[EXERCISE MATERIAL]:
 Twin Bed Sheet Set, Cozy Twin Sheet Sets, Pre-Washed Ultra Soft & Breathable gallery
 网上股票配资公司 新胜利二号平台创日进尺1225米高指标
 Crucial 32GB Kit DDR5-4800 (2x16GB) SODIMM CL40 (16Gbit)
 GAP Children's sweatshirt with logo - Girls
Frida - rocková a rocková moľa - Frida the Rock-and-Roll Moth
...
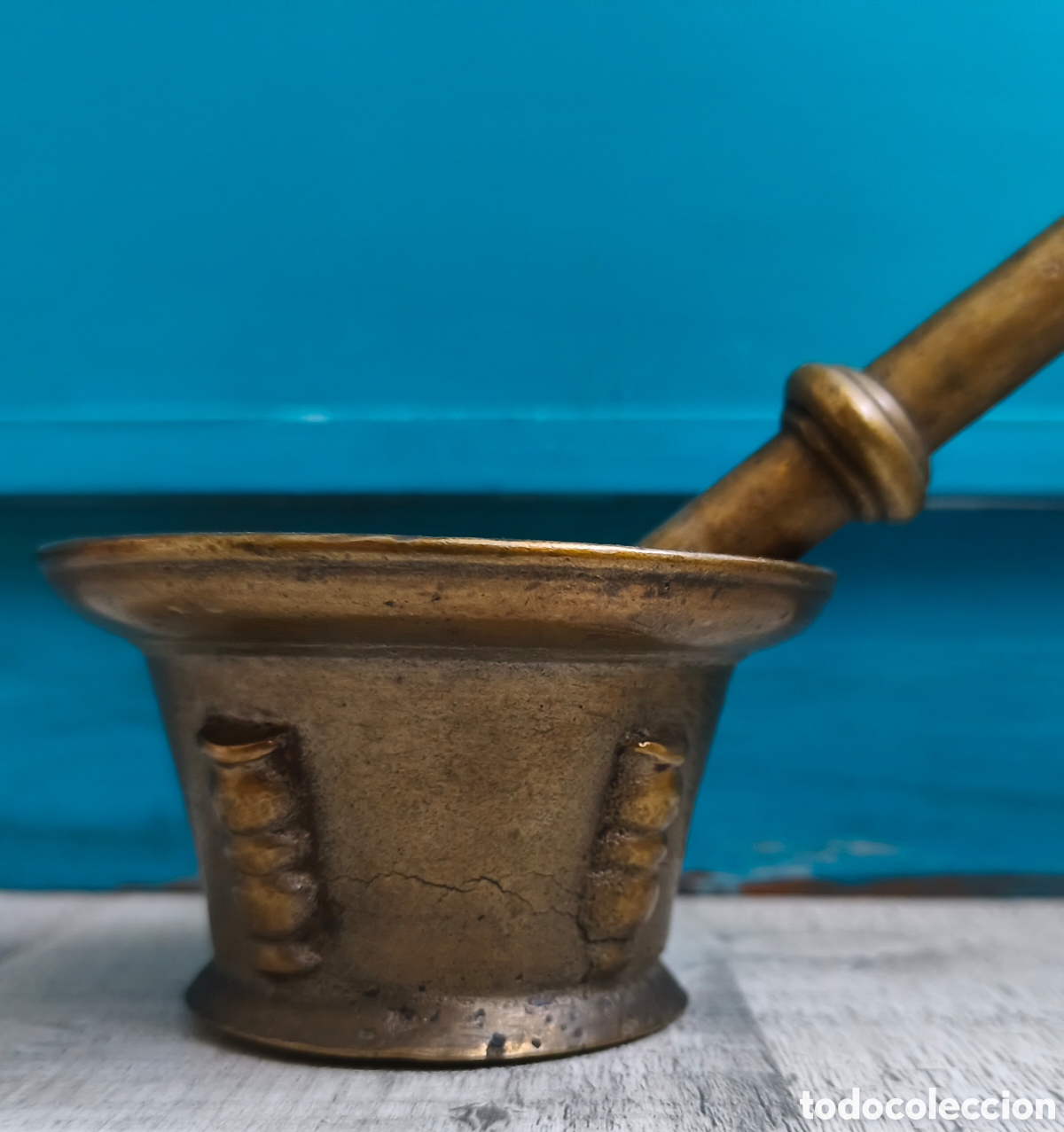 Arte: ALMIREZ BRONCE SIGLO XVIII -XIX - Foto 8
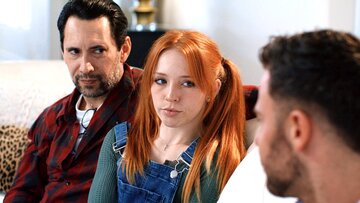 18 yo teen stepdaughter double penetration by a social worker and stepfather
* * *
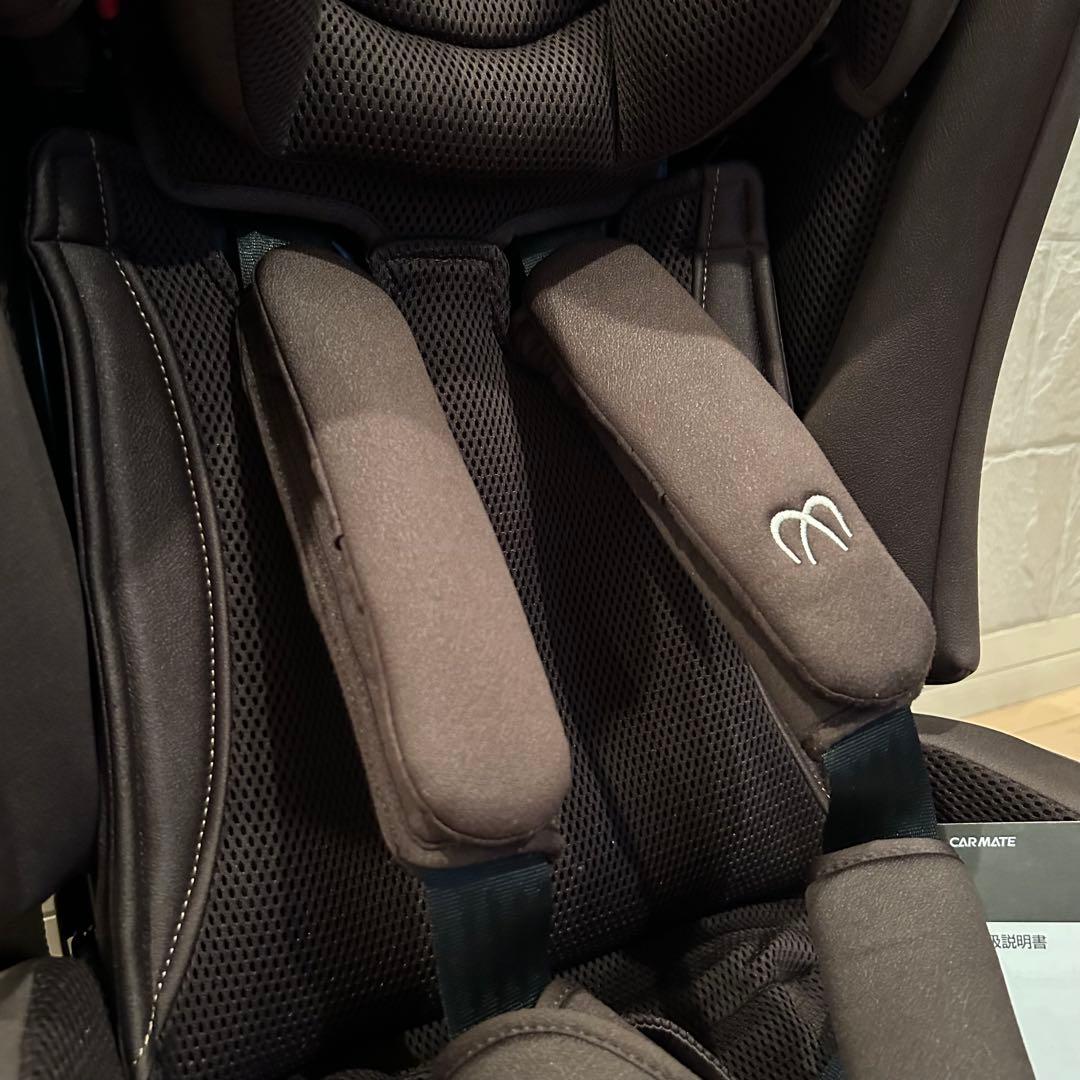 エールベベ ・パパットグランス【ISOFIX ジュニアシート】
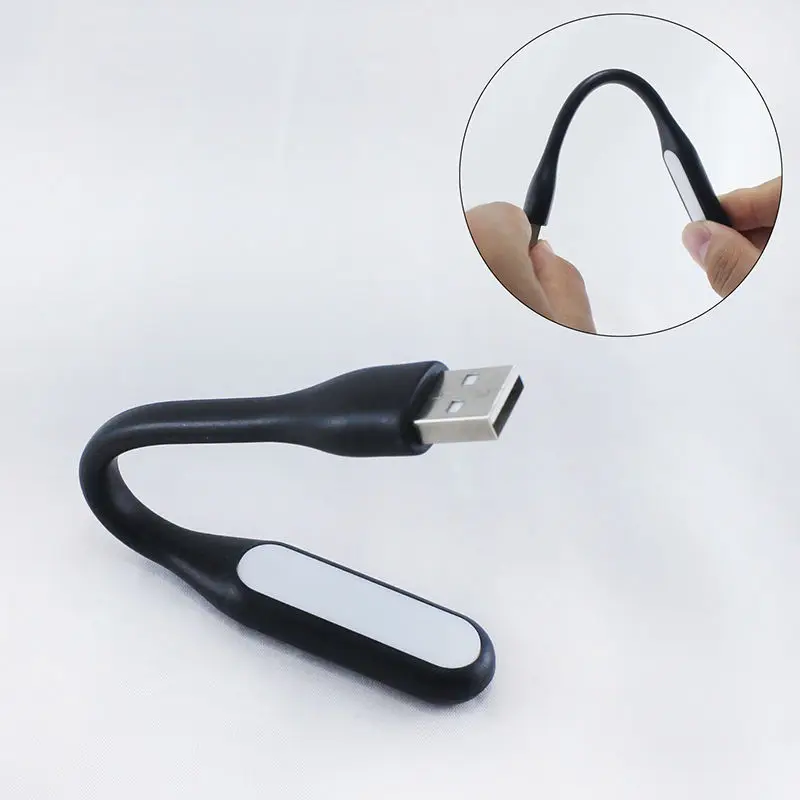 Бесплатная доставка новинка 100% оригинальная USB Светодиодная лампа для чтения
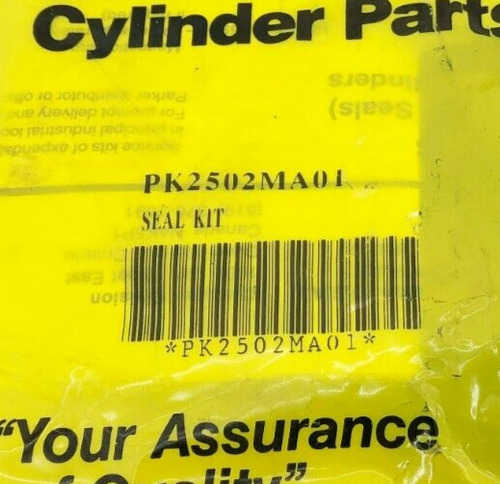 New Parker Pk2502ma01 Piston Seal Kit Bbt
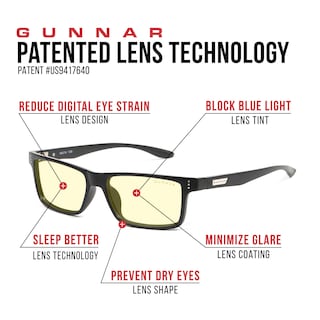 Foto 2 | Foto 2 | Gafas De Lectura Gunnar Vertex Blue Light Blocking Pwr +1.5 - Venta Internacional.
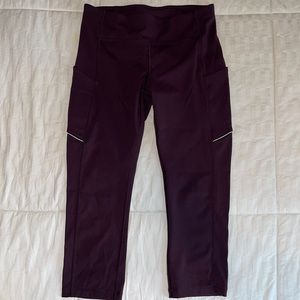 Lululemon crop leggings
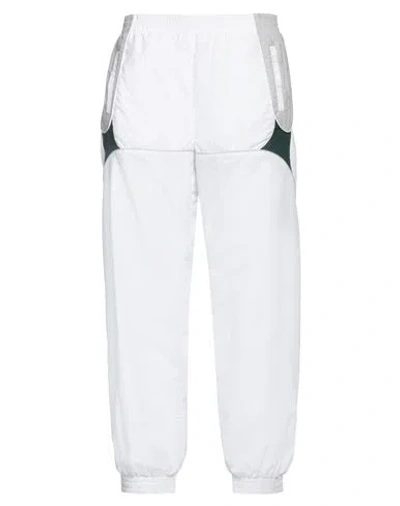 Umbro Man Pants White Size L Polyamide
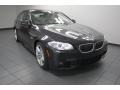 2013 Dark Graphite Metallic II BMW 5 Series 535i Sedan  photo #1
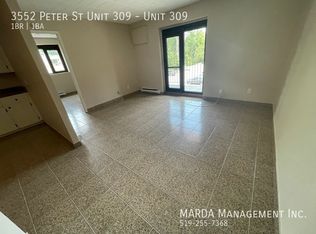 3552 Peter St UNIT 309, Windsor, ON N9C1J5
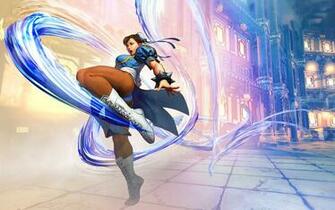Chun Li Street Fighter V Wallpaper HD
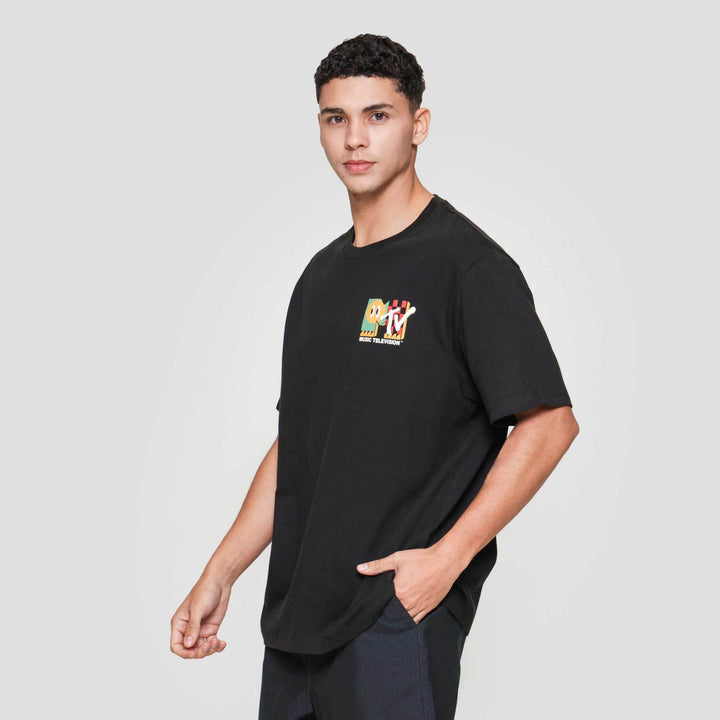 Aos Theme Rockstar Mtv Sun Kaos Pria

[WORK INSTRUCTION]: All that is wanted is the lines above between the one containing "New Parker Pk2502ma01 Piston Seal Kit Bbt" and the one containing "Aos Theme Rockstar Mtv Sun Kaos Pria", inclusive, restated word for word, with pictures omitted.

[ANSWER SECTION]:
 New Parker Pk2502ma01 Piston Seal Kit Bbt
 Foto 2 | Foto 2 | Gafas De Lectura Gunnar Vertex Blue Light Blocking Pwr +1.5 - Venta Internacional.
 Lululemon crop leggings
 Umbro Man Pants White Size L Polyamide
 2013 Dark Graphite Metallic II BMW 5 Series 535i Sedan  photo #1
 3552 Peter St UNIT 309, Windsor, ON N9C1J5
Chun Li Street Fighter V Wallpaper HD
 Aos Theme Rockstar Mtv Sun Kaos Pria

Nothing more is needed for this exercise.